Très vite, il devient directeur de l’école théologique de la ville. Mais Nisibe est l’objet de la convoitise des Perses. En 363 Éphrem se réfugie à Édesse avec ses élèves. Il y fonde une nouvelle école, l’école catéchétique d’Édesse. Éphrem mène une vie pastorale intense : il prêche, il écrit tant en syriaque qu’en grec, il compose des hymnes, il se bat contre les hérésies de son temps. Sa parole est de feu. Il a le don des larmes que la tradition associe à l’amour parfait. De son vivant, Éphrem est célèbre. On vient le consulter, on lui demande aussi des conseils par lettre. Dans cette immense activité, il reste d’une admirable humilité.

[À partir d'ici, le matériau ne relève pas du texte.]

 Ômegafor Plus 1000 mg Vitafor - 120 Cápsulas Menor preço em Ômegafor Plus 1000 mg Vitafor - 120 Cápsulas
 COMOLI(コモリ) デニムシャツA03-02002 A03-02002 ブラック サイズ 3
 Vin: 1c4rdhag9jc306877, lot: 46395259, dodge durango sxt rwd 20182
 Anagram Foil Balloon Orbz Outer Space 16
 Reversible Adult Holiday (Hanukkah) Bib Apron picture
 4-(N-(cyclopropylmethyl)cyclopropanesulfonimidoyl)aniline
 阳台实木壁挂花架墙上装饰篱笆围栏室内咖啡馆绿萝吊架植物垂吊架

Éphrem combat toutes les hérésies de son temps. Et elles ne manquent pas ! Il lutte contre les anoméens, les macédoniens, les milliénaires, les marcionites, les manichéens, les messaliens ou euchites, les apollinaristes et les novatiens. Il est particulièrement sévère avec les apollinaristes disciples de l’évêque schismatique de Laodicée Apollinaire, un homme très intelligent et orgueilleux, qui se réclame faussement de saint Athanase qu’il a connu. Dans son enseignement, Apollinaire prétend que dans l’humanité de Jésus il n’y a point d’âme. Pour lui, c’est directement la divinité qui anime son corps. Vous le voyez, il s’agit de nouveau d’une hérésie qui s’attaque au dogme de Jésus, vrai Dieu et vrai homme. Après négociation, les apollinaristes ont accepté de reconnaître une âme sensitive au Fils de Dieu, mais pas ce qu’ils ont appelé une âme intelligente, ce qui a fait dire à saint Augustin : « Ils ont donné au Fils de Dieu une âme de bête et lui ont refusé une âme d’homme. » Pas étonnant qu’en plus de cela, ils ne reconnaissent pas la Trinité : selon eux, le Père, le Fils et l’Esprit Saint ne sont que des rôles assumés par une seule et même personne divine.

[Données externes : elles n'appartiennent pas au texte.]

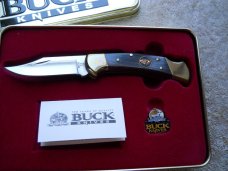  Buck 112 Knife / Sheath / Tin 1902 2002 Anniversary Knife 
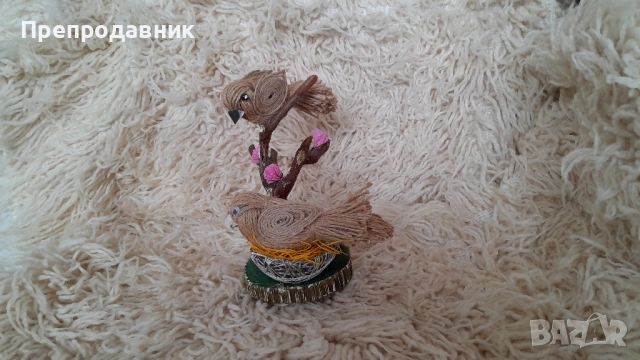 Ръчно изработена декорация „Пролетни пиленца“ – Уют за вашия дом, снимка 5 - Декорация за дома - 54080916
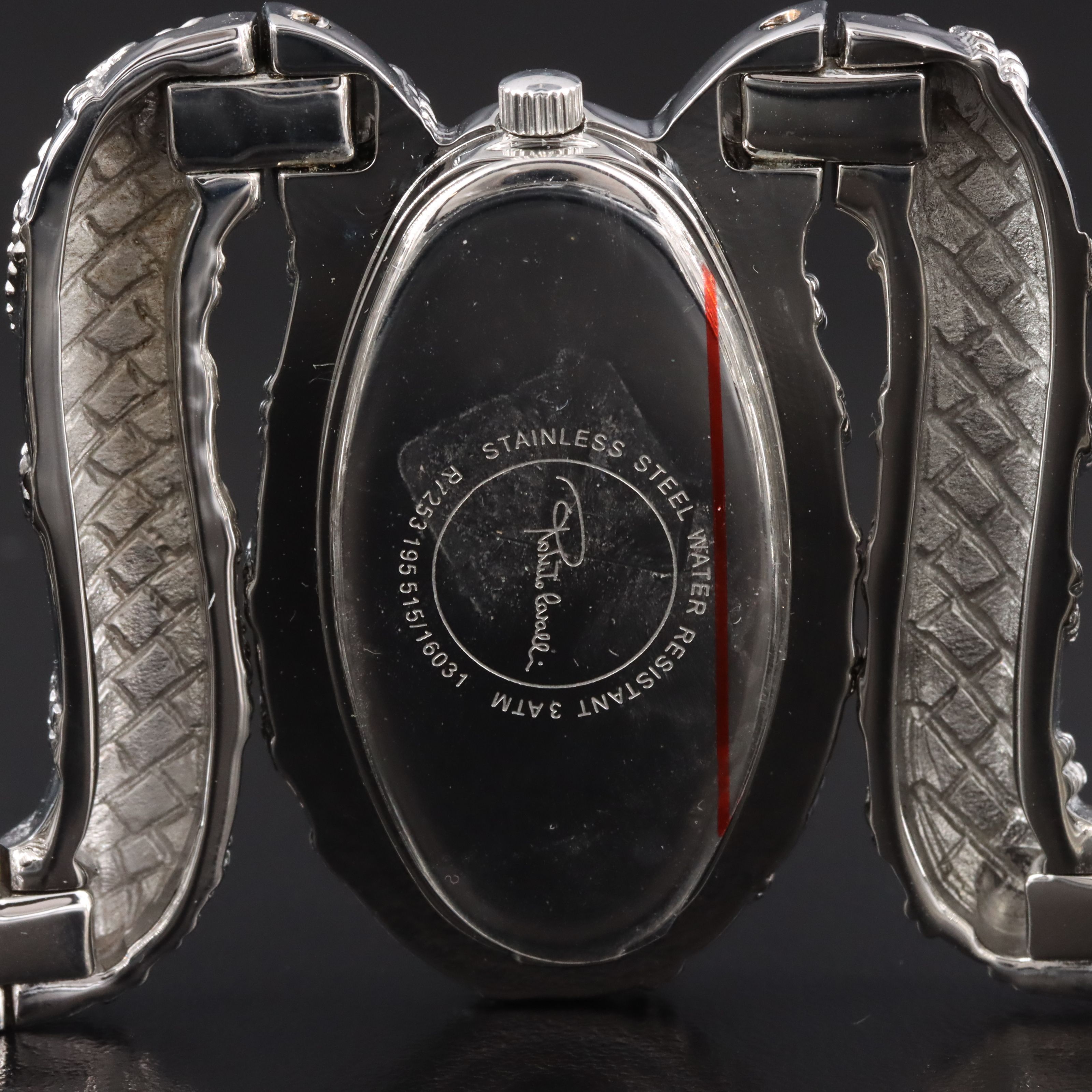 Roberto Cavalli Cleopatra Stainles Steel Silver Tone Watch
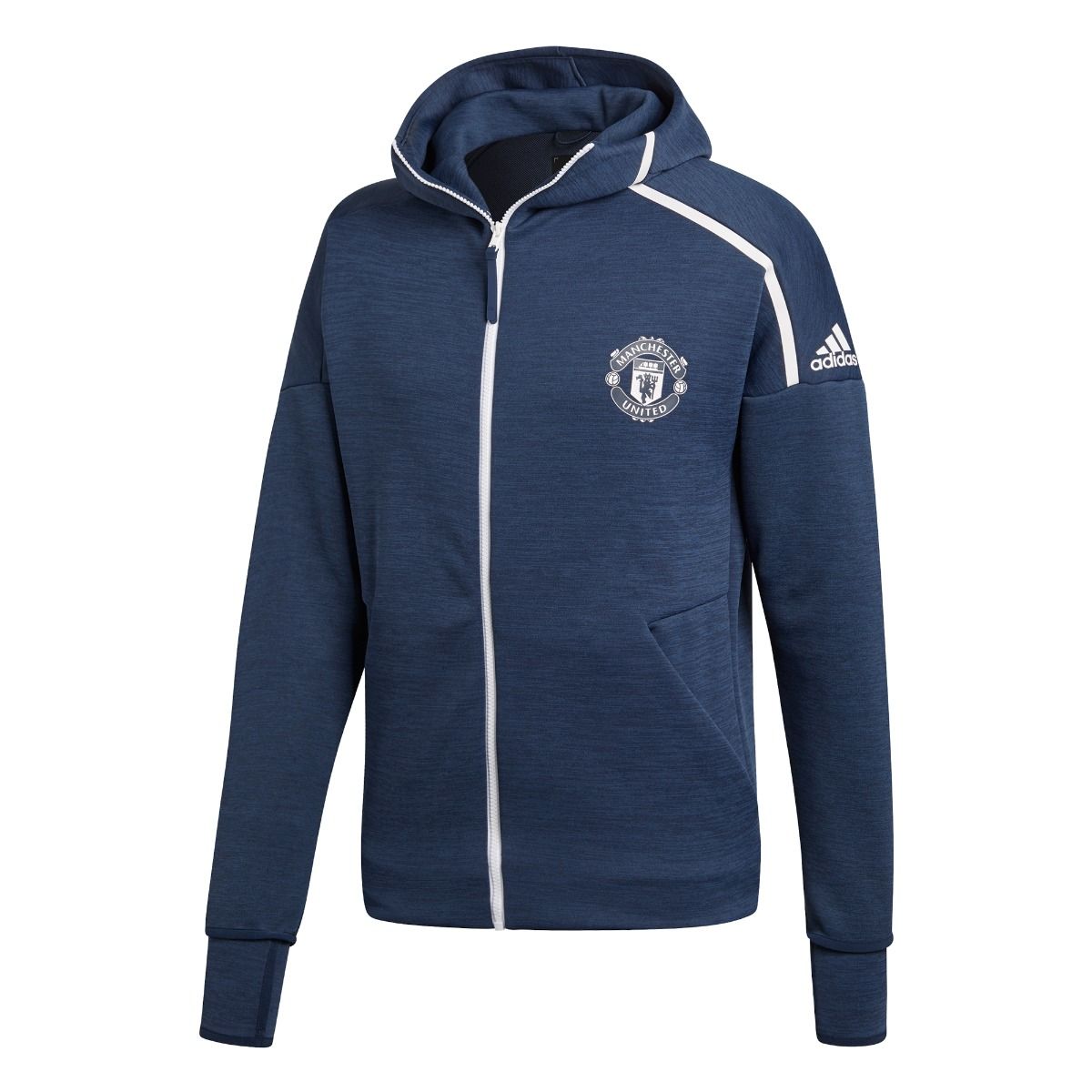 Adidas Manchester United Zne Hd 3.0 Jacket product image 4, provided for visual reference and product detail review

Saint Éphrem a été un de ces défenseurs, un penseur d’une intelligence pénétrante, un théologien inspiré, ce qui lui a valu le titre de docteur de l’Église. Notez cependant que chaque hérésie a eu sa face positive : elle a permis d’affiner une facette du dogme, de clarifier ce qui en avait besoin, de manifester souvent la cohérence de notre foi. En permettant les hérésies, Dieu a surtout permis que les Pères de l’Église approfondissent les mystère de la foi pour poser les bases solides qui sont les nôtres aujourd’hui.

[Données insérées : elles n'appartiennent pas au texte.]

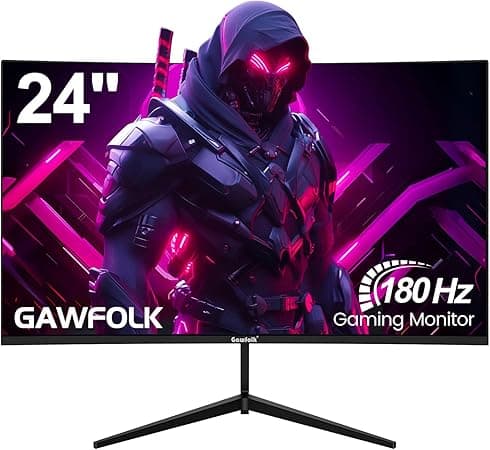 Gawfolk 24" inch Gaming Monitor 180Hz FHD Curved Computer Display Screen 1080P(1920x1080) 3000R Fast 1ms(GTG) 99% sRGB FreeSync For eSports gamers and office home - Amazon.ae Price Tracker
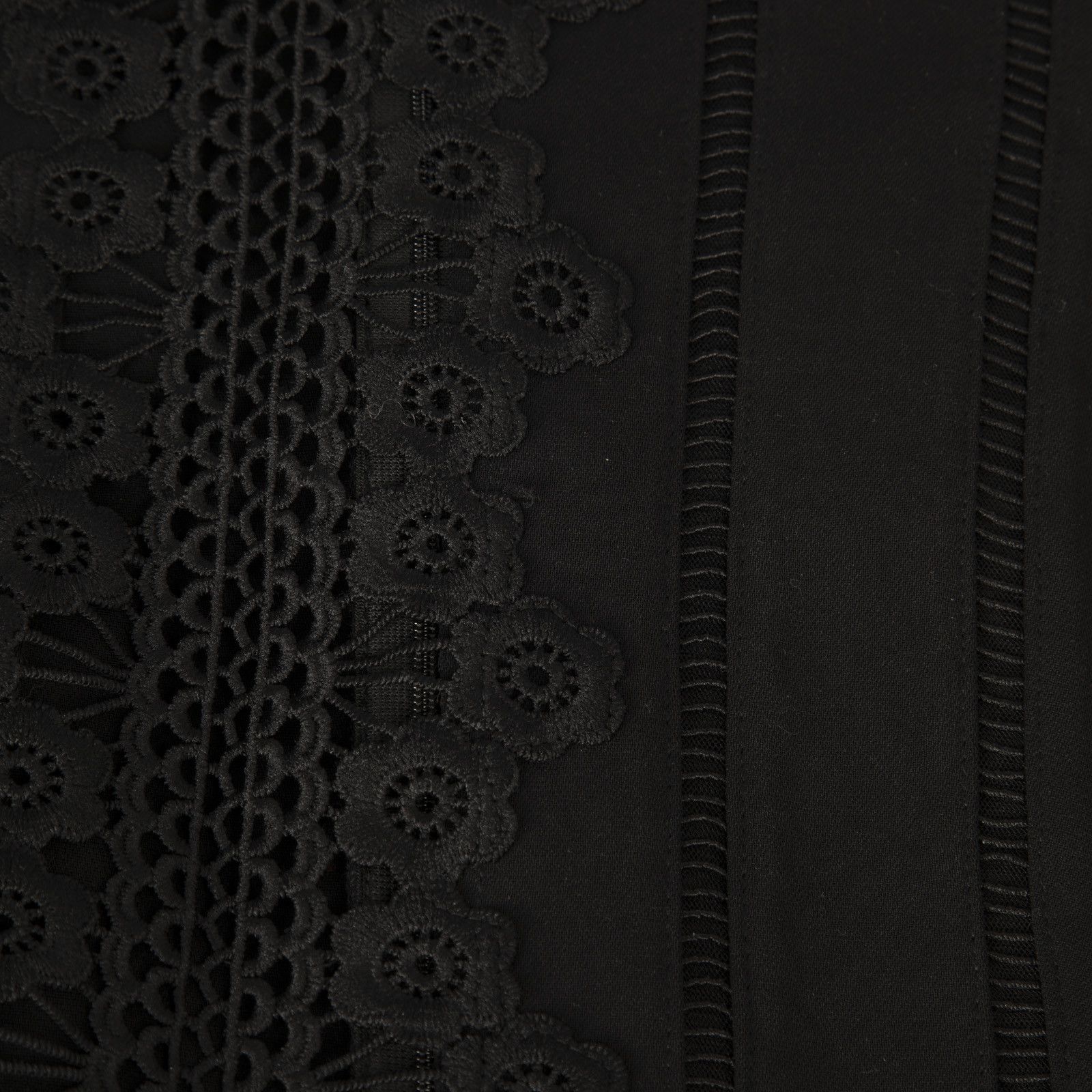 Self-Portrait Black Bell Sleeve Shift Dress Size M / US 6-8 / IT 42-44 - 3 Thumbnail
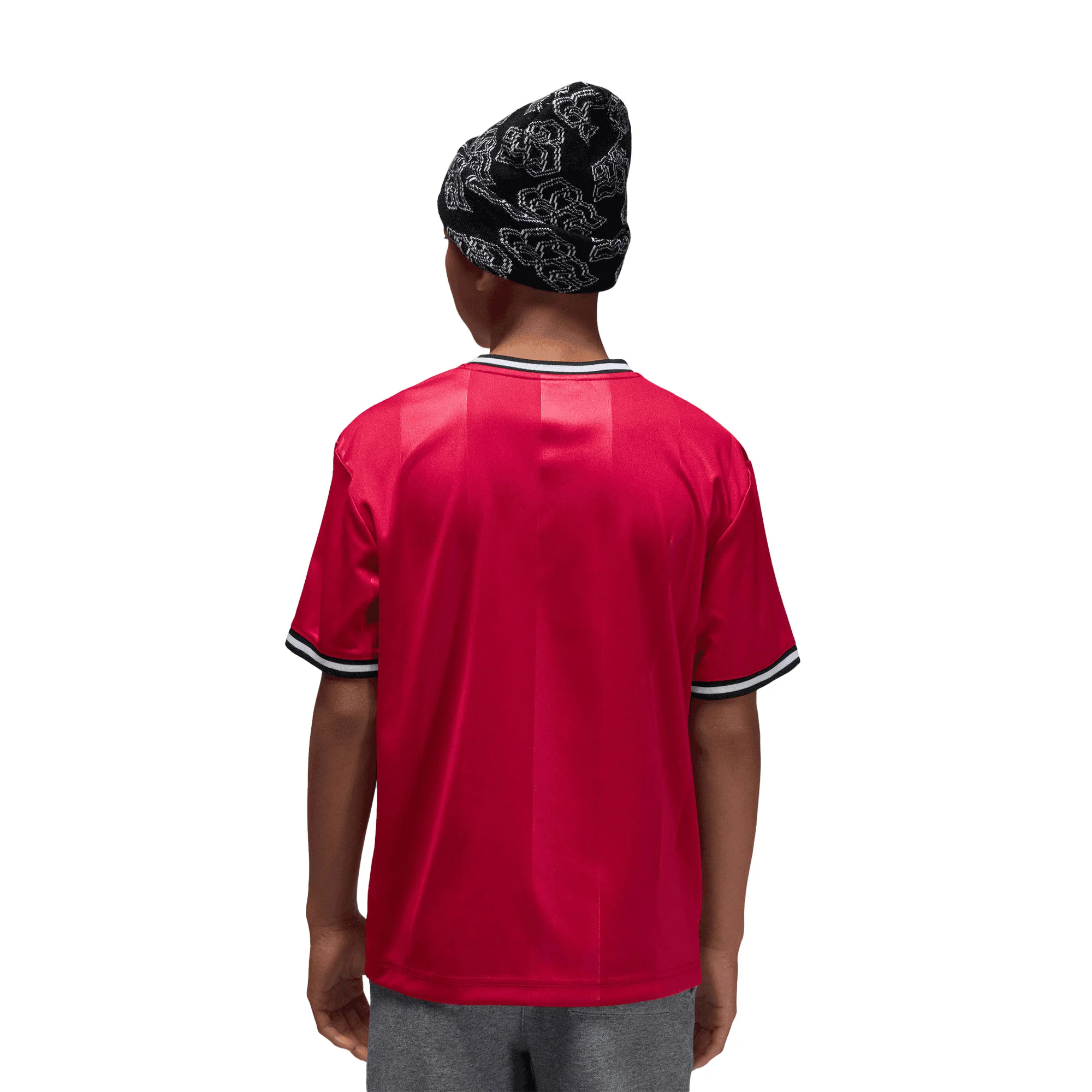 Nike Jordan Boys MJ Sport Jersey Gym Red - Image 2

De retour dans sa ville d’Édesse, Éphrem continue son œuvre théologique, la composition d’hymnes liturgiques en syriaque qui lui vaut le surnom de « lyre ou harpe du Saint Esprit ». On estime qu’il a écrit au moins 3 millions de vers : des commentaires de la plupart des livres de l'Écriture Sainte, des traités contre les hérésies, des Hymnes sur le Paradis, sur la Virginité, sur la Foi, sur les grands Mystères du Sauveur et des Fêtes de l'année. Mais il ne contente pas de faire de la théologie de manière admirable. Il se dédie aussi aux pauvres car la ville d’Édesse est ravagée par la famine. Il exhorte les riches à s’occuper des plus pauvres et lui-même les soigne et fait tout pour adoucir leurs misères. C’est en s’occupant d’eux qu’il contracte la peste qui l’emporte au paradis. Il meurt probablement le 9 juin 373. Il est reconnu comme un saint tant par les Églises orientales que par l’Église catholique romaine. Et le pape Benoît XV l’a proclamé docteur de l’Église en 1920.